Sometimes, when your luck has run out, you just can’t take a trick.

Today’s Newspoll, with a healthy sample of 1706 (as opposed to those piddly little 800 jobbies that keep throwing up peculiar results) provides more evidence of impending annihilation. The ALP primary vote is up 3 to 51, while the Coalition is down 1 to 38 for an overall TPP of 58/42 to the ALP.

It reads like business as usual since March with most polls showing solid consistency around that 55-57 window. The two key concerns for the Coalition would have to be the consistency of the ALP primary vote, and their inability to move the thing an inch below 46. If we remember back to the last ACNielsen poll which was taken after the Coalition tax package launch but before the ALP reply, that poll showed the ALP primary increasing a point to 48. Today it’s up 3 to 51. For all intents and purposes, nothing much has changed.

If we look at the monthly Newspoll average of the primary vote of both parties since the last election, a couple of interesting things stand out.


Firstly, the slow decline in the Coalition primary since the last election sets the scene. Even when Rudd came along, the change in the Coalition primary vote took a bit of a plunge but then recovered back to its longer term, gentle downward trend.

The ALP on the other hand was struggling to improve its primary vote until Rudd gained the leadership, after which it soared from its longer term level of 40 up to 48 where it remains to this day.

You might notice the funny behaviour between March and May of this year – the classic polling overshoot behaviour otherwise known as the honeymoon period. Rudd indeed had a honeymoon, but not of the kind that most commentators navel gazed about.

The Rudd leadership created a structural change in the ALP vote level, and the honeymoon premium only consisted of a few points of primary vote and not the nine points that some journos were assuming it would be.

Since the last election, the Coalition have been slowly bleeding votes, first to the minor parties and then to the ALP. Nothing has really changed that longer term momentum.

Another concern for the Coalition must be that small but noticeable continuing rise in the ALP primary since May. The Coalition must be praying on that movement being noise, for if it’s real it could well indicate that those voters that deserted Rudd after the honeymoon are slowly coming back into his fold, which, at this stage, would make the ALP vote a lot harder than the human Geiger counters of the ALP soft vote in the media keep waxing lyrical about.

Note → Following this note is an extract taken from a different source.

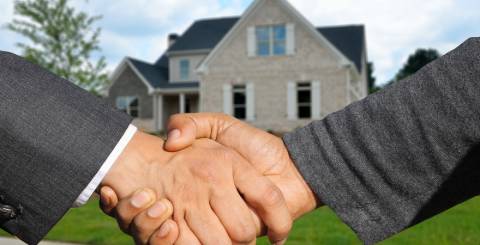 Realtor vs. for Sale by Owner: Which Yields More Money?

This gets us onto the longer term two party preferred view, for which we need to look at another spiffy little graph showing the monthly two-party preferred average of Newspoll since the last election:

Regardless of the amount of tax dollars the Coalition throws back at the public; from the Budget to the Murray water plan, from road funding to tax cuts – nothing seems to have any lasting effect on the longer term pattern of Newspoll. Coalition policy hasn’t made a dent, largesse with the public purse hasn’t made a dent, policy back flips on everything from Workchoices and Reconciliation hasn’t made a dent – and now that the ALP 2PP is strongly supported by a high and consistent primary vote under Rudd rather than being reliant on high minor party preference flows, the prospects of that changing look remote.

The trend is mightier than the pork.